16.01-11: Wagner 1936 25 Cycle, Repulsion Induction Motor

HHCC Accession No. 2006.179HHCC Classification Code: 16.01-11
Description:

An early 20th century, 25 cycle, repulsion induction motor with two historic innovations, a first generation, vibration isolating motor mount, and an inherent overload protector with automatic reset, helping to reduce both noise and the risk of personal and property injury in the Canadian kitchen, built in Canada for Kelvinator of Canada’s cabinet refrigerators introduced in the early 1930’s, Wagner, Circa 1936. [see also ID# 297]


Image Gallery (3 Images)
Group:

16.01 Electric Motors - Single Phase, Repulsion Induction

Make:

Wagner

Manufacturer:

Wagner Electric Mfg. Co. of Canada Ltd., Div. of Sangamo Co., Ltd.
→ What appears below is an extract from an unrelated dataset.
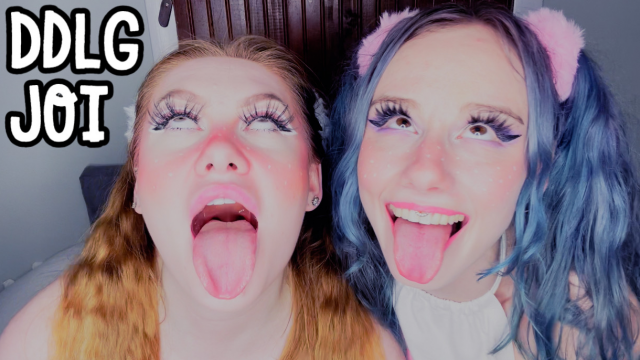 Babygirl's JOI for Daddy video from Eva Nova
Leaside Ont.

Model:

YL22B55, Type SAR

Serial No.:

1457879

Size:

12 x 8 x 8’h

Weight:

36 lbs.

Circa:

1936

Rating:

Exhibit, education, and research quality, illustrating the engineering and construction of an early, Canadian made FHP motor for a Canadian refrigerator, with vibration isolating base and inherent, automatic overload protection.

Patent Date/Number:
Provenance:

From York County (York Region) Ontario, once a rich agricultural hinterlands, attracting early settlement in the last years of the 18th century. Located on the north slopes of the Oak Ridges Moraine, within 20 miles of Toronto, the County would also attract early ex-urban development, to be come a wealthy market place for the emerging household and consumer technologies of the early and mid 20th century.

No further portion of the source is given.